Consider the following data with two different results, num2 and num3:
+-----------------------------------------+
| date2 group treat num2 num3 |
|-----------------------------------------|
| 01feb2000 1 1 3 2 |
| 01jun2000 1 0 . . |
| 01sep2000 1 0 . . |
| 01nov2000 1 1 0 0 |
| 01may2002 1 0 . . |
| 01jan2010 1 1 1 1 |
| 01may2010 1 0 . . |
|-----------------------------------------|
| 01jan2001 2 1 0 0 |
| 01mar2002 2 1 0 0 |
+-----------------------------------------+
The variable num2 is computed assuming you are interested in counting all observations that are within a one-year period after a treated observation (treat == 1), be those observations equal to 0 or 1 for treat. For example, after 01feb2000, there are three observations that comply with the time span condition; two have treat==0 and one has treat == 1, and they are all counted.
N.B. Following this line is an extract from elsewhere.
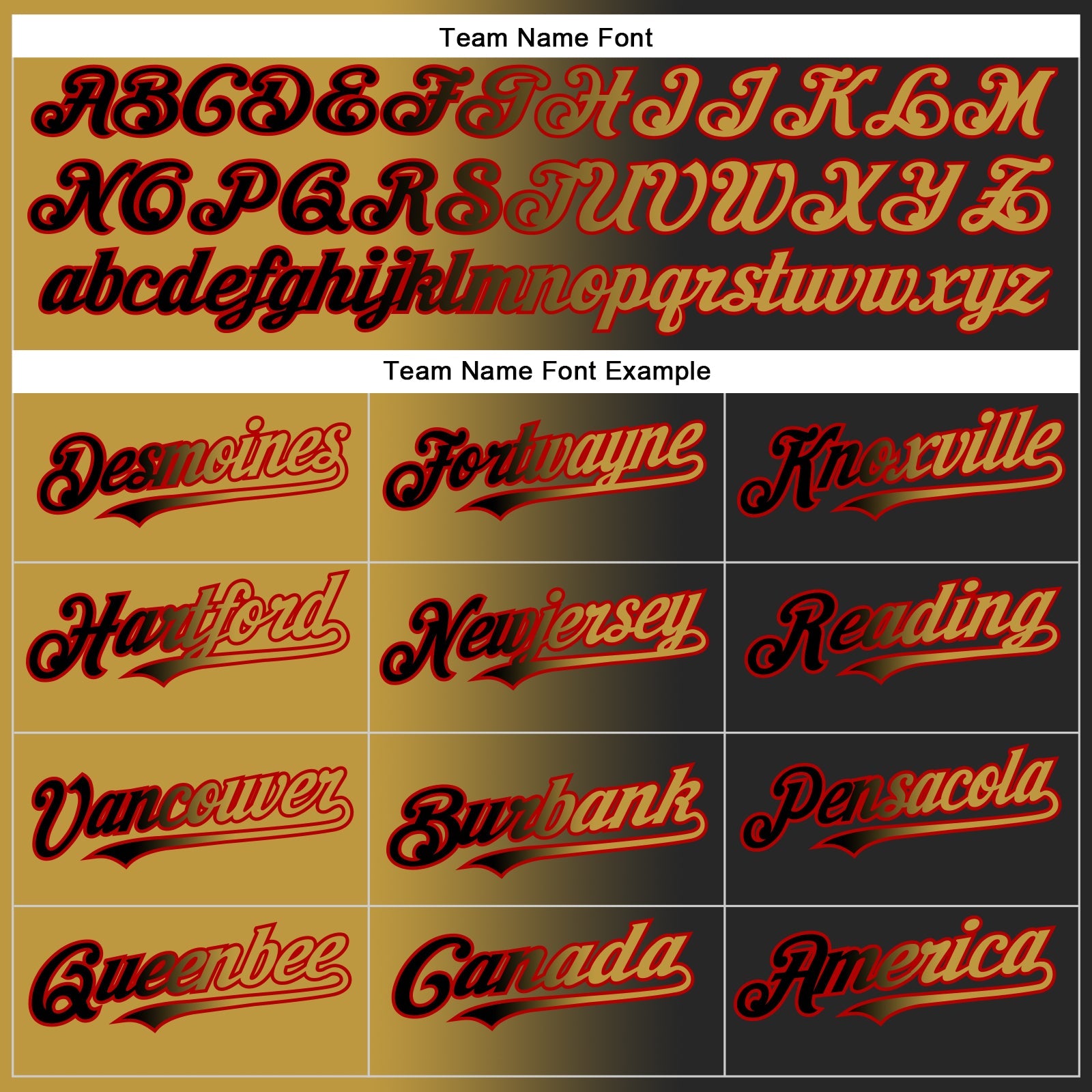 Custom Black Old Gold-Red Authentic Gradient Fashion Baseball Jersey view 4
The variable num3 is also counting observations that are within a one-year period after a treated observation, but only the cases for which treat == 0.
num2 is computed with code in the spirit of the article you have cited. The use of in makes the run more efficient and there is no gsort (as in your code), which is quite slow. I have assumed that in each group there are no repeated dates:
clear
set more off
input ///
group str15 date count treat num
1 01.02.2000 1 1 2
1 01.06.2000 2 0 .
1 01.09.2000 3 0 .
1 01.11.2000 3 1 .
1 01.05.2002 4 0 .
1 01.01.2010 5 1 1
1 01.05.2010 6 0 .
2 01.01.2001 1 1 0
2 01.03.2002 2 1 0
end
list
gen date2 = date(date,"DMY")
format date2 %td
drop date count num
order date
list, sepby(group)
*----- what you want -----
gen num2 = .
isid group date, sort
forvalues j = 1/`=_N' {
count in `j'/L if inrange(date2 - date2[`j'], 1, 365) & group == group[`j']
replace num2 = r(N) in `j'
}
replace num2 = . if !treat
list, sepby(group)
num3 is computed with code similar in spirit (and results) as that posted by #jfeigenbaum:
<snip>
*----- what you want -----
isid group date, sort
by group: gen indicat = sum(treat)
sort group indicat, stable
by group indicat: egen num3 = total(inrange(date2 - date2[1], 1, 365))
replace num3 = . if !treat
list, sepby(group)
Even more than two interpretations are possible for your problem, but I'll leave it at that.
(Note that I have changed your example data to include cases that probably make the problem more realistic.)